**Data to examine**:
++++

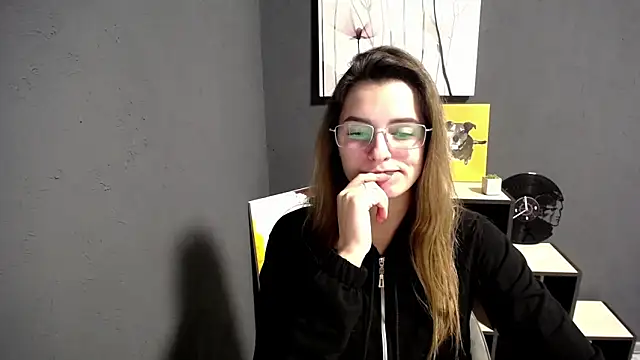 lady olivia  online show from 12-03-25, 02:49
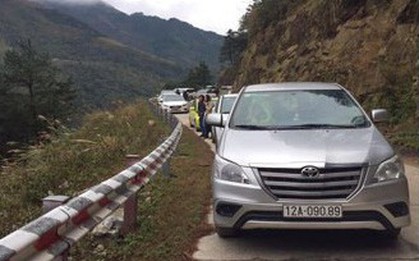 Người dân ùn ùn kéo lên ngắm băng tuyết, đường lên Mẫu Sơn tê liệt ngày cuối năm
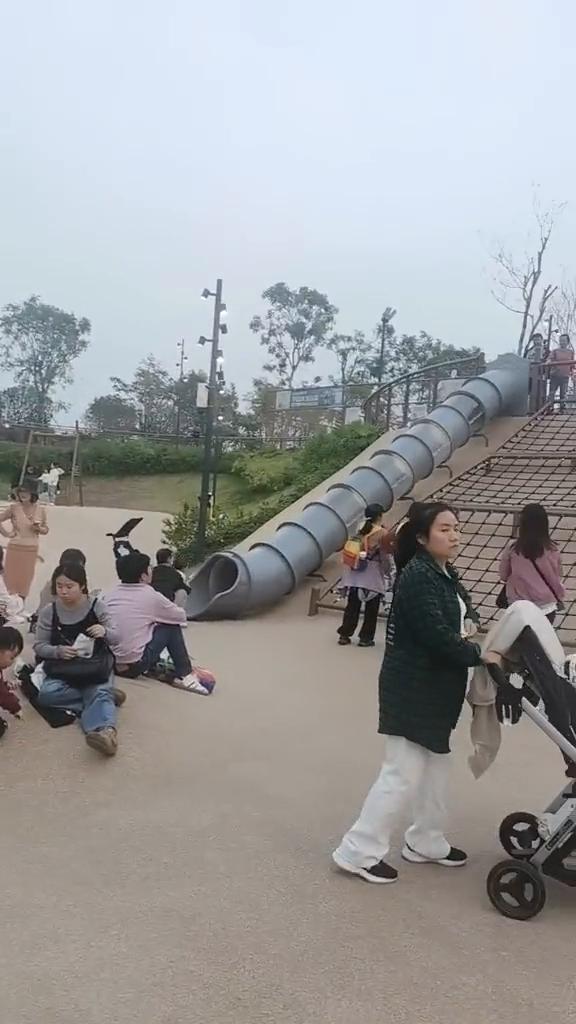 这山不倒，我不走就可以了。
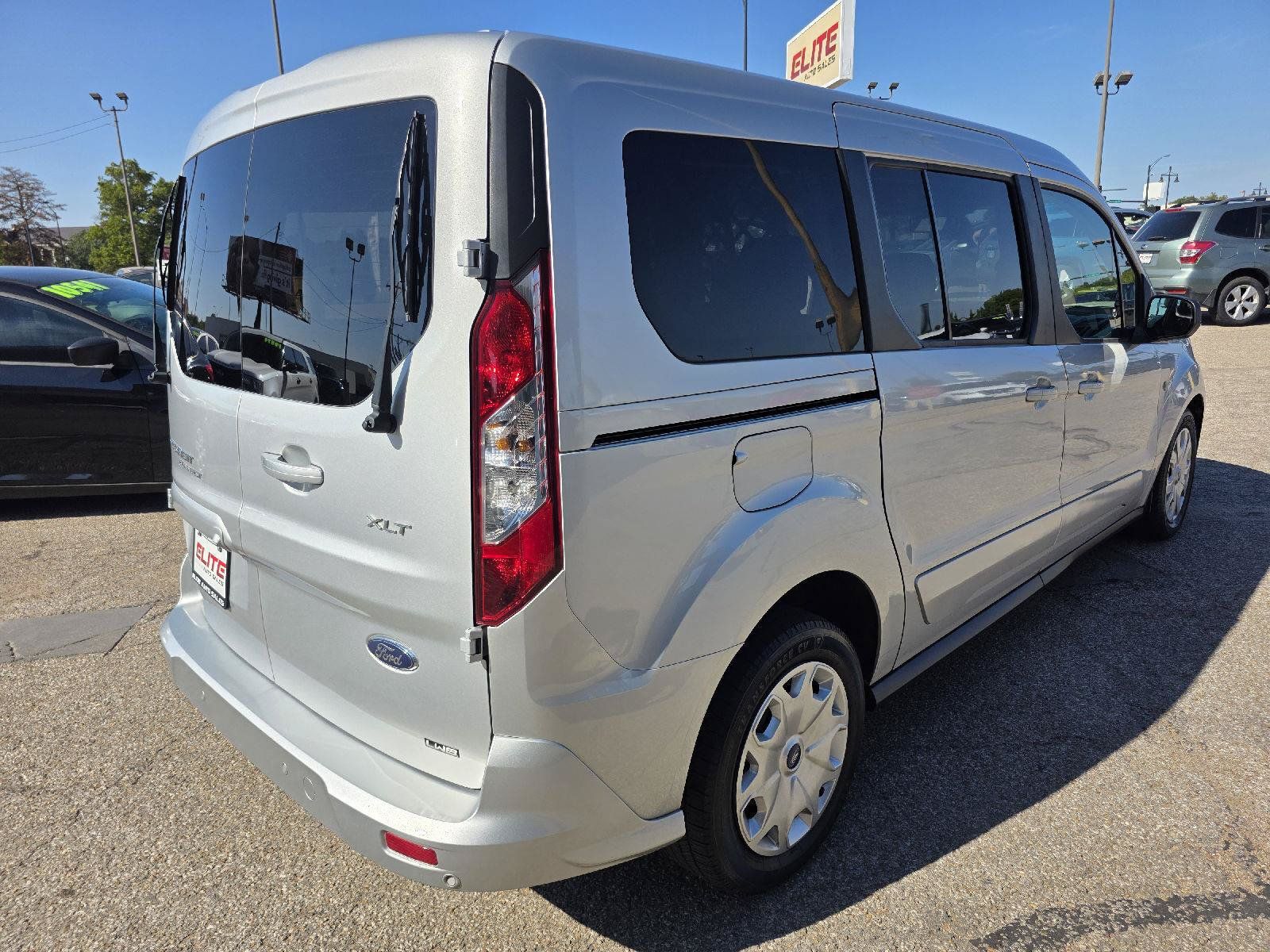 Used 2022 Ford Transit Connect XLT FWD image 5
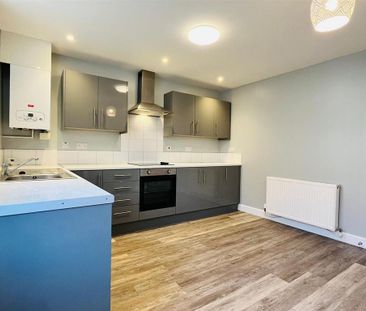 3 bedroom terraced house to rent - Photo 6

++++

**Instructions to follow**: Copy each entry exactly as written, and drop the pictures from the copy.

**Written response**:
 lady olivia  online show from 12-03-25, 02:49
 Người dân ùn ùn kéo lên ngắm băng tuyết, đường lên Mẫu Sơn tê liệt ngày cuối năm
 这山不倒，我不走就可以了。
 Used 2022 Ford Transit Connect XLT FWD image 5
 3 bedroom terraced house to rent - Photo 6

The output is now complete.